Jacob Hall, Editor-in-Chief of TapSauce | APPS | 10.12.2012 @ 3:00 pm
(Talksauce is a weekly editorial that represents the opinions of Tapsauce editor-in-chief Jacob Hall, not Rocksauce Studios. If he says something stupid, blame him and him alone.)
When I made the big switch from my Android to an iPhone, certain sacrifices had to be made. Chief among them was the complete and total loss of my mobile game library. Everything I had downloaded from the Google Play store was going to vanish into the ether and I was going to have to rebuild everything from scratch…or I wasn’t. I had a choice: do I re-download all of my old games to have everything I had before, or do I start anew and leave the past behind me, my new smartphone representing a new start.
I ended up splitting the difference.
I decided to not re-download everything I had before, but to instead re-download the the cream of the crop, the games that were not only superb, but would be worth playing over again from the very start. Thus began an incredibly brutal decision making process that found me weighing two types of good games against one another.

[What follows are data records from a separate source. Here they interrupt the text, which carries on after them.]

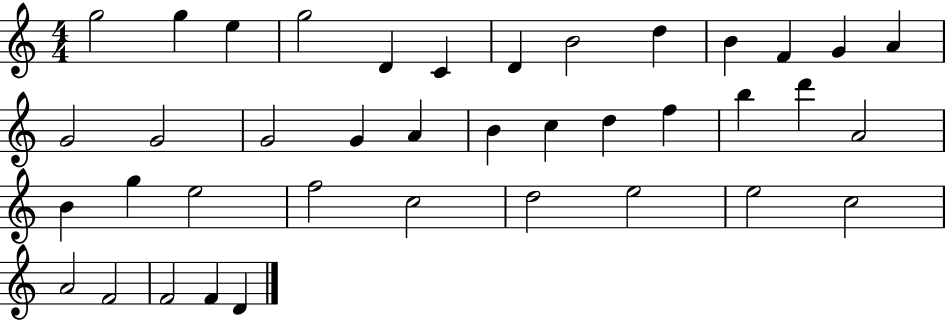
{
  \clef treble
  \numericTimeSignature
  \time 4/4
  \key c \major
  g''2 g''4 e''4 | g''2 d'4 c'4 | d'4 b'2 d''4 | b'4 f'4 g'4 a'4 | \break g'2 g'2 | g'2 g'4 a'4 | b'4 c''4 d''4 f''4 | b''4 d'''4 a'2 | \break b'4 g''4 e''2 | f''2 c''2 | d''2 e''2 | e''2 c''2 | \break a'2 f'2 | f'2 f'4 d'4 | \bar "|."
}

One of these groups is summed by Angry Birds, which made the cut and now lives on in my iPhone. In addition to being a darn great game and one of the most important achievements to ever happen in the mobile field, it’s just plain fun, an addicting experience that can be played for hours at a time or for just five minutes on the toilet. Although I had lost all of my progress, the arcade style of the game lends itself to re-playability, so playing through the game again and unlocking all of the levels a second time was an absolute joy.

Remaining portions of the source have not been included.